L’informatisation et la gestion des données est également essentielle au fonctionnement de ce projet, notamment pour garantir une traçabilité des terres. Les terres issues d’un même chantier peuvent être dispersées sur 10 à 15 parcelles agricoles différentes et il faut évidemment pouvoir maîtriser cette dispersion afin de limiter les risques de pollution des nappes phréatiques ou des cours d’eau.
Le savoir-faire de Terra Innova intègre aussi des conseils sur les cultures que l’agriculteur pourra lancer les années qui suivent l’enrichissement de son champ et garantir une vraie régénération des sols. En R&D, il y a encore des points d’amélioration à trouver pour valoriser un panel de terres de plus en plus large.
Un déploiement à l’international d’ici 2 ans
Accompagnée à son démarrage par l’IMT Atlantique et Atlanpole – un acteur incontournable de l’innovation dans le grand Ouest – et épaulée par différents réseaux dont Novabuild et l’accélérateur LafargeHolcim, la jeune entreprise évolue rapidement et commence à se déployer sur toute la France.

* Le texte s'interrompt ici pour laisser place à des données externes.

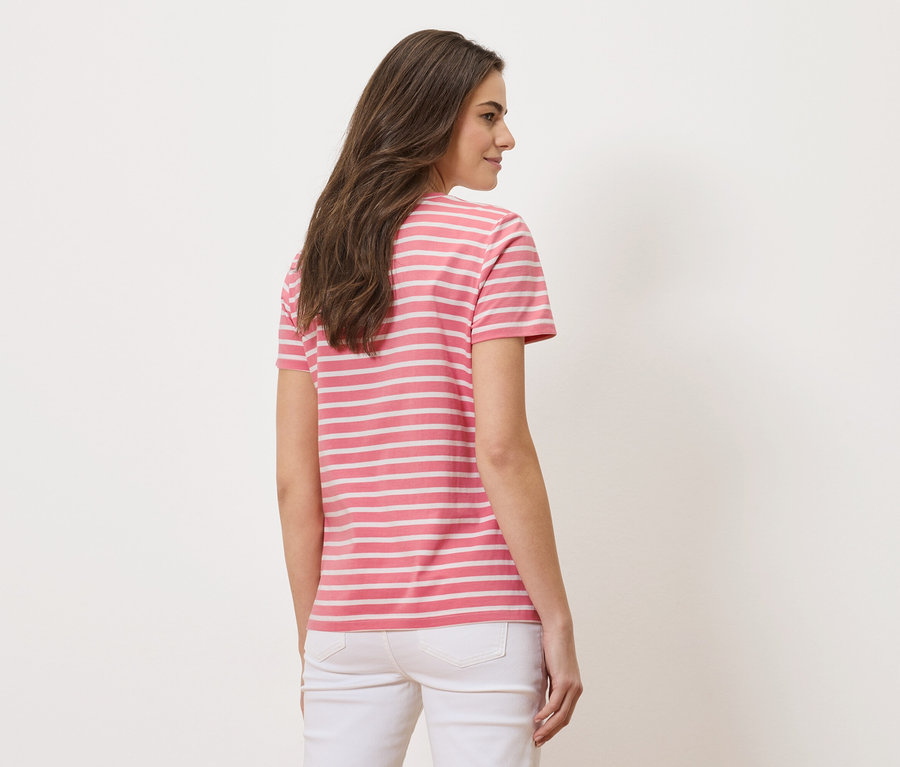 Žena zozadu, má na sebe ružovo-biele pruhované tričko a biele džínsy.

À ce jour, près de 350 000 m3 de terres excavées ont été valorisées en terres agricoles et elle est présente en Pays-de-la-Loire, Bretagne, Centre Val-de-Loire, Île-de-France, Auvergne-Rhône-Alpes et Nouvelle-Aquitaine. Terra Innova vient d’être récemment sollicitée par la commune de Marcoussis, dans l’Essonne. « La commune souhaite installer du pâturage ovin sur un parc photovoltaïque. Nous travaillons sur la manière de lancer ce pâturage sur un site dont le sol est très anthropisé, énormément remanié par l’homme. Il n’est donc pas propice à la mise en place d’une prairie de pâturage. C’est très technique, et grâce à l’apport de terre très qualifiée nous apportons une solution agronomique là où il n’y en aurait pas eue. »
Composée de 12 collaborateurs, dont 7 ingénieurs agronomes, l’entreprise devrait s’élargir au cours de l’année à venir, et cherche à s’étendre à l’international à partir de 2022 ou 2023, en commençant par les pays les plus proches tels la Suisse, le Royaume-Uni, l’Allemagne et la Pologne.